La desventura, sellada por intuición de la propia víctima, y regada por la maldición de su progenitora, empieza cuando la hija maldecida es capturada como un animal o un ser humano en tierras de conquista. En este escenario, son cazadores americanos quienes viajan a la Europa pobre a buscar presa.
A Dina, casi niña, la entregan: cierto rufián porteño se la lleva del paupérrimo pueblito polaco para subirla a un buque y esclavizarla en Buenos Aires. El matón y su tramoya están amparados por la organización mafiosa Zwi Migdal, con pantalla de mutual y conocida en Argentina como La Varsovia.
La chica, ya a en cautiverio, es forzada a una pesadilla de ribetes reales que la autora se ocupó de investigar y describe al dedillo. Druki (así llaman a la escritora en cercanía) viajó ella misma a Polonia y documentó el mecanismo que hace a su trama; esto permea, pluma mediante, la veracidad que irradian sus líneas.
Cuando entiende que fue emboscada por traición de los propios parte decisiva de una auténtica red y ya camino al calvario, Dina lo hace verbo: Ellos no quisieron saber, yo sí. Yo sé a qué voy, yo entiendo, ahora yo tengo los ojos abiertos.
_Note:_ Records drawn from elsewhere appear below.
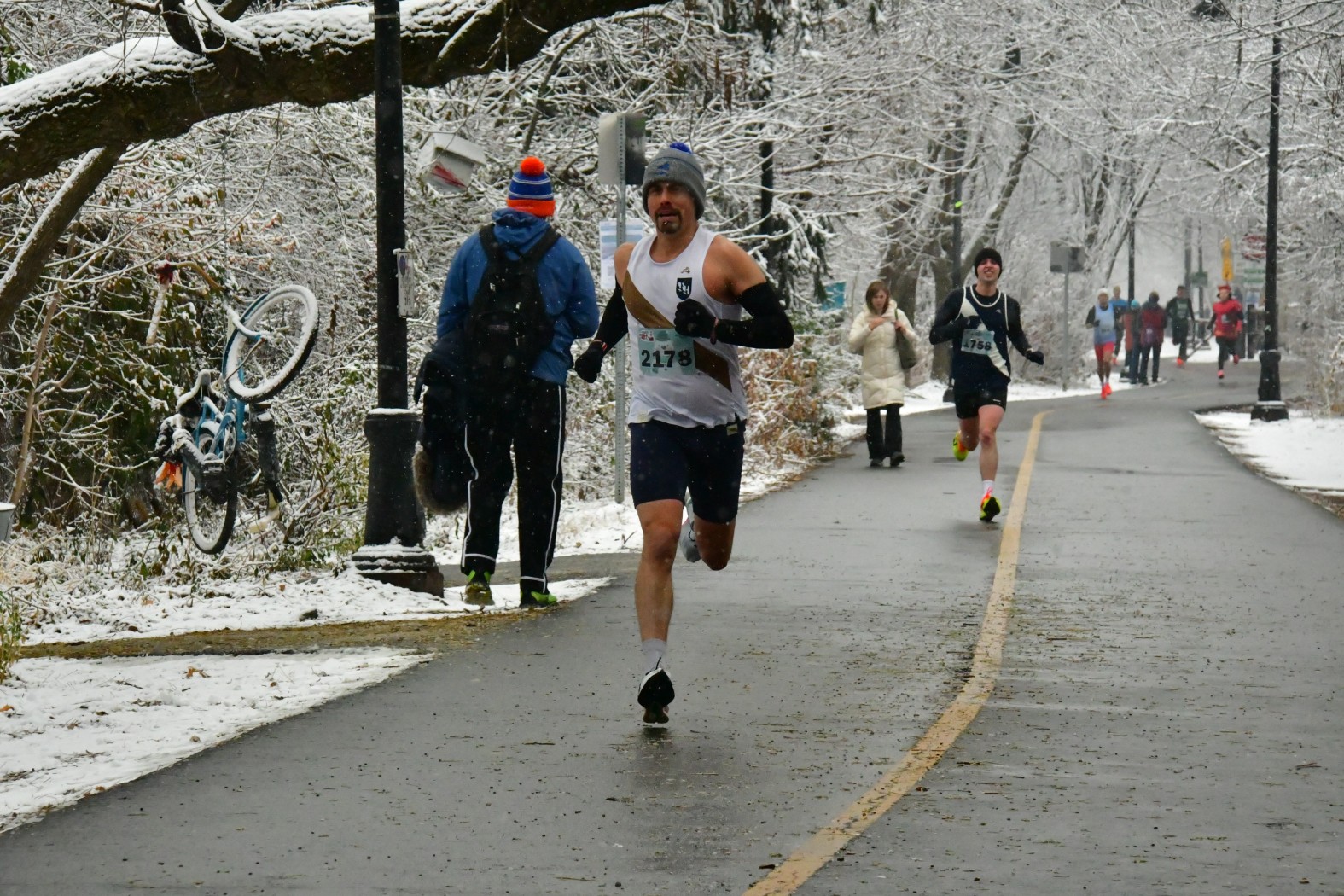 251214 - 016.jpg  (479.1 Kb)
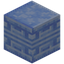 Fine Packed Ice Pillar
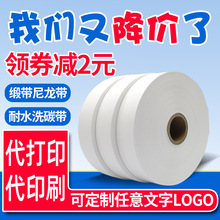 �V���հ�ˮϴ����ƾ����z���I���O�^�������bˮϴ�O��ӡ�̘ˇO�^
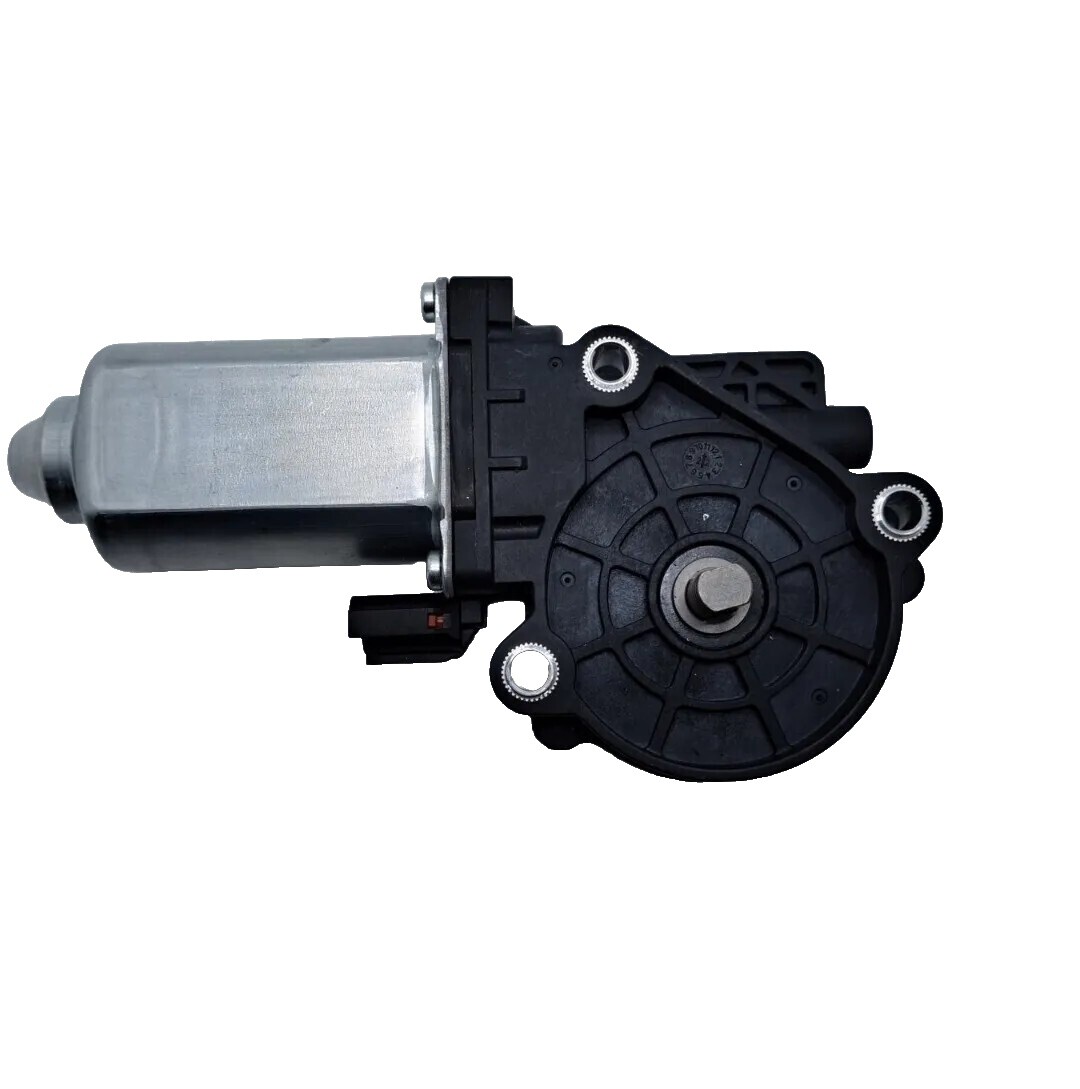 Porte-flèches Kwikee Kwiver - Petit Diamètre, Fixation Par Pince, Modèle De Remplacement, Marron, Ambidextre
Lo cierto: la red en cuestión es mucho más amplia de lo que puede constar en expedientes judiciales y escalarse en pesquisas; en ella, gran parte de los miembros, encubridores o cómplices, eluden pertenencia. Diluyen su responsabilidad en una conveniente división del trabajo.
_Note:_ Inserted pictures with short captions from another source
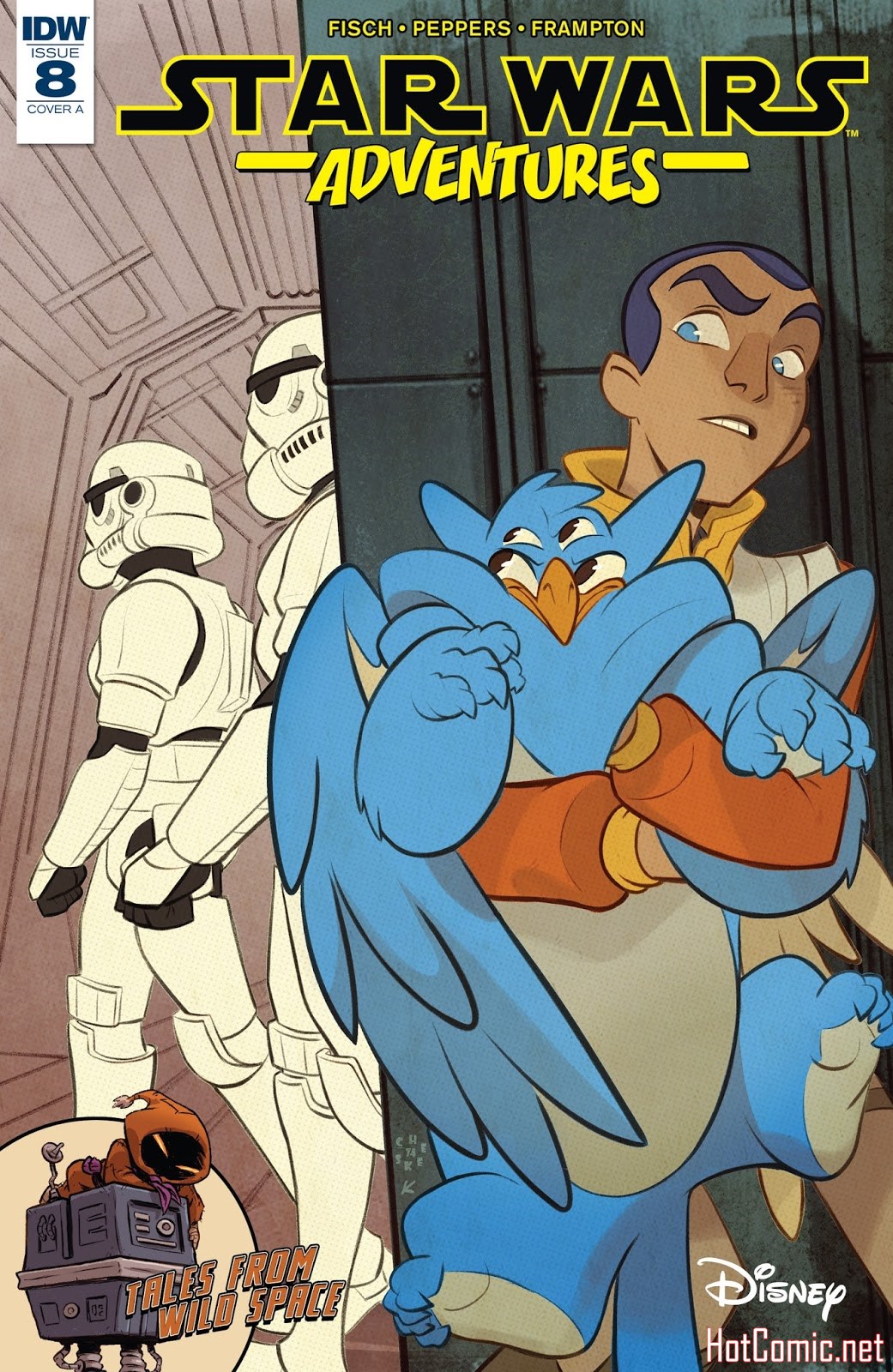 Adventures Ep08 Pg01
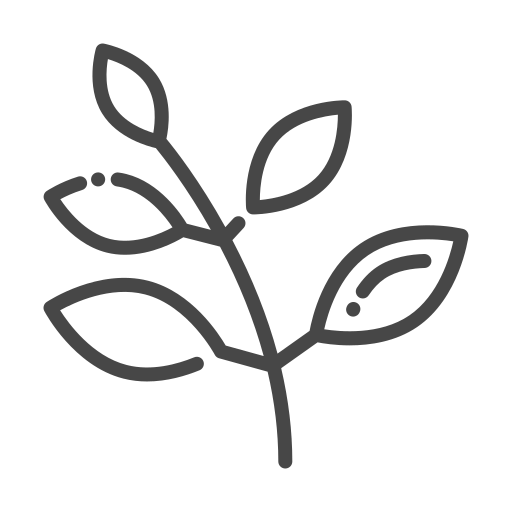 natur kostenlos Icon natur kostenlos Icon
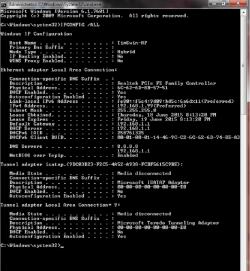 ipconfig2.png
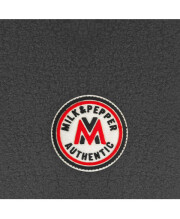 Polaire pour chien Antarctik grise 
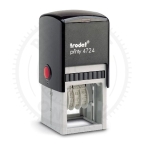 Trodat Printy 4724 - Datownik
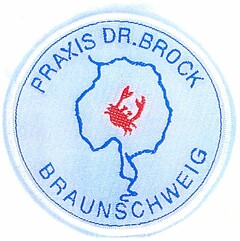 PRAXIS DR.BROCK BRAUNSCHWEIG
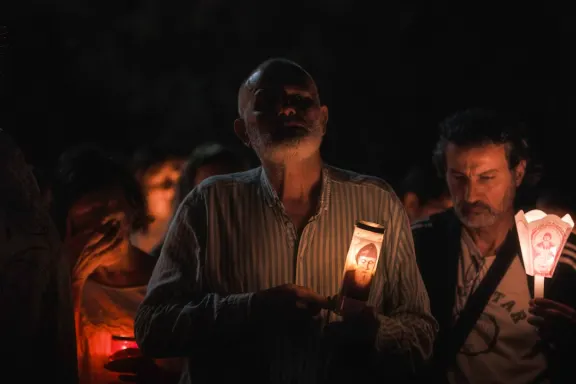 Slottojam Kasino Podpora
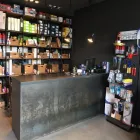 Immagine 7 azienda THE PLUMBER SCHEPIS Shopping e acquisti in Messina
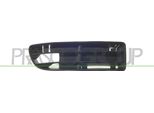 Prasco VG0812123 - Griglia Di Ventilazione Oe 1J5854662C, Destra Per Bora (1J)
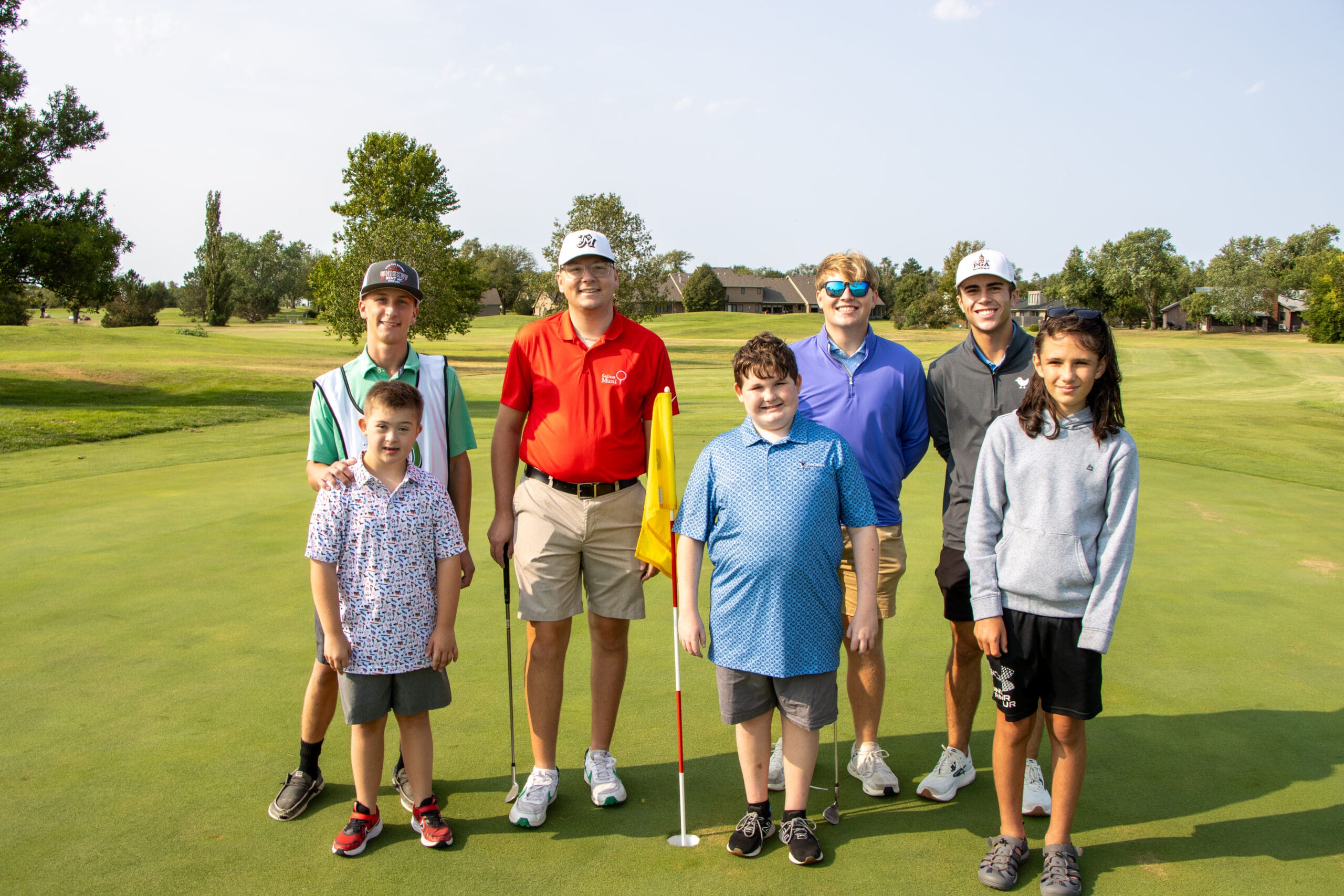 naoagajuniors---clinic--day-1-107_55458774575_o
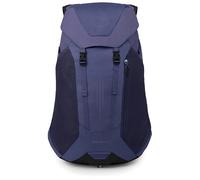 Osprey 3610-hikelite Lt Backpack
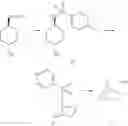 Fig. 99 - Thienopyrroles as antagonists of gnrh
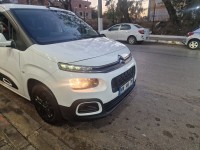 سيارات-citroen-berlingo-2020-عين-النعجة-الجزائر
El mal mismo atomizado, la ignorancia suicida de aquella vecindad polaca, su nazismo incipiente, el patriarcado como ley implícita y explícita religión, son el germen de la desgracia creciente. Que se expande voraz, porque la red es, en efecto, más colectiva de lo que se dice: abarca a la familia, a los amigos, a la aldea aquí expugnada por la remañida pero cierta banalidad del mal de Arendt.
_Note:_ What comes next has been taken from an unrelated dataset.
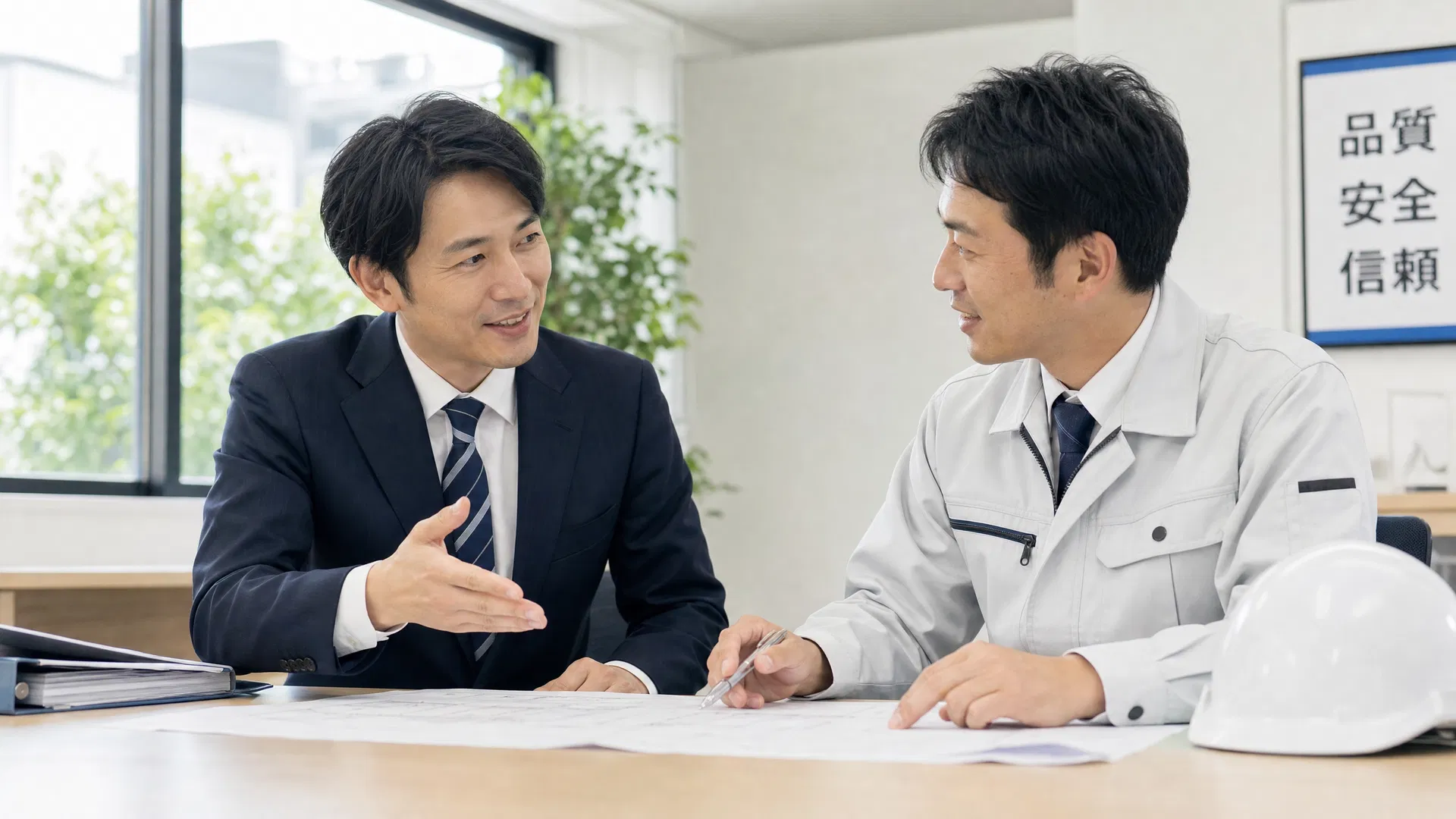 指定業者の見積もりが高い理由と対処法｜オーナー指定工事の交渉術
La babilónica capital de Sudamérica a donde Dina llega con sórdido pronóstico, arranca otra óptica particular, otra posibilidad de extrañamiento para acaso empatizar con las potenciales víctimas: La ciudad era hermosa, tan hermosa como aterradora ( ) aunque estaba ahí para hacer algo horrible, no pudo evitar la alegría de la velocidad del auto, de su ropa nueva, del desfile, de ese mundo que bullía por la ventanilla. Y de estar lejos, muy lejos. Todo el océano en el medio.
Dina irá a parar a un prostíbulo de Boedo, barrio donde, a su vez, cobran forma los cruces, o crossovers literarios: el rufián melancólico de Roberto Arlt y hasta una encarnación del mismísimo aguafuertista porteño. Personaje-autor también llevado al texto en Fémina infame. Género y clase en Roberto Arlt reciente ensayo que la hiperactiva Drucaroff acaba de presentar, hace apenas un mes.
El infierno prometido fue publicada por primera vez en 2006, antes de la Ley IVE, antes del Ni una menos y la Marea verde, en un antes que hoy parece prehistórico. Un antes que, como el antes del voto femenino o el divorcio, resulta incomprensible a quienes nacieron a partir del 2000.
Vale la pena subrayarlo: aun más allá de su consistencia testimonial o incluso documental la novela despliega una orfebrería literaria notable. Por precisión de perfiles, por su clima de época, su color de zaguanes, patios, gestos, modismos, aromas, sonidos. Por su manejo de las voces y la traza de sus fisonomías. Y porque, finalmente, conjuga con la misma fluidez una historia de amor, un drama, y un afiladísimo policial donde el suspenso manda y el deseo trepa, repta, sobrevive a crueldades y dolores. Todos los cuerpos, el cuerpo laten y habitan en esta novela tan extensa como vertiginosa, tensa, acaso liberadora.